Without the pictures, set down every record below exactly as it reads.

**Input data:**
□ □ □ □ □
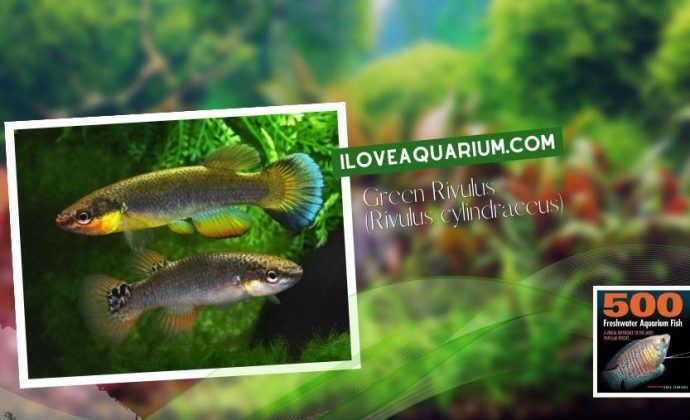 Ebook freshwater aquarium fish KILLIFISH Green Rivulus Rivulus cylindraceus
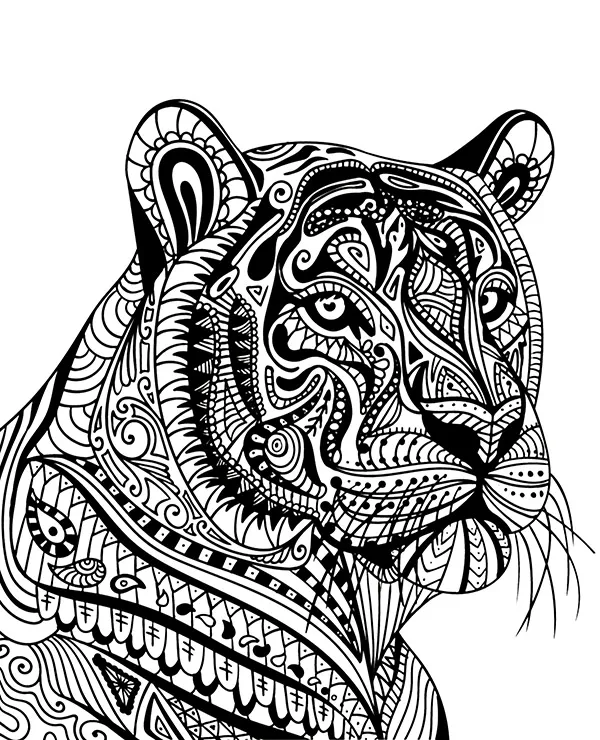 mandala kolorowanka glowa tygrysa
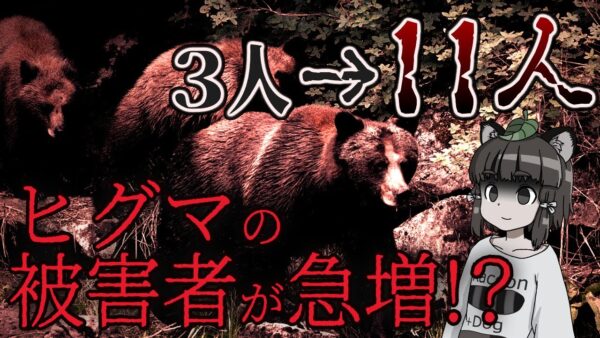【ゆっくり解説】ヒグマ被害が観測史上最多に！？今北海道で何が起きているのか…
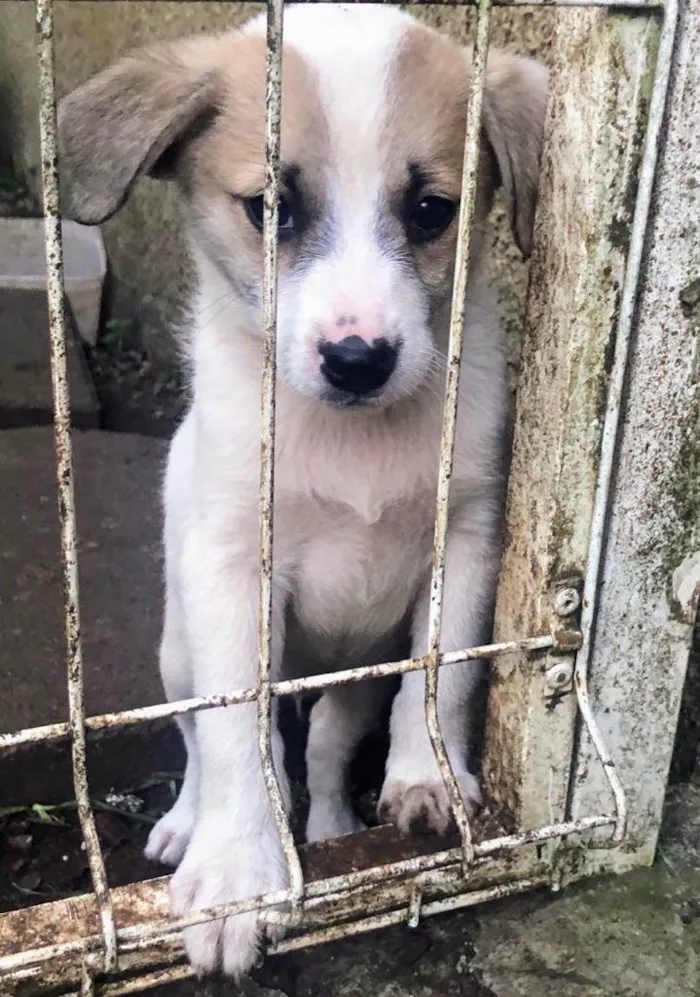 Cachorro ra a Sem raça determinada idade 2 a 6 meses nome Sem Nome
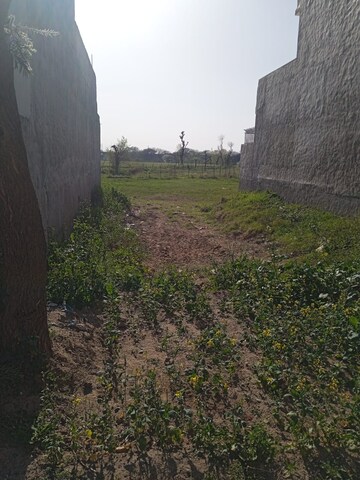 Plot Area in  Plot at Sector 110 – for Sale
□ □ □ □ □
**Result below:**
 Ebook freshwater aquarium fish KILLIFISH Green Rivulus Rivulus cylindraceus
 mandala kolorowanka glowa tygrysa
【ゆっくり解説】ヒグマ被害が観測史上最多に！？今北海道で何が起きているのか…
 Cachorro ra a Sem raça determinada idade 2 a 6 meses nome Sem Nome
 Plot Area in  Plot at Sector 110 – for Sale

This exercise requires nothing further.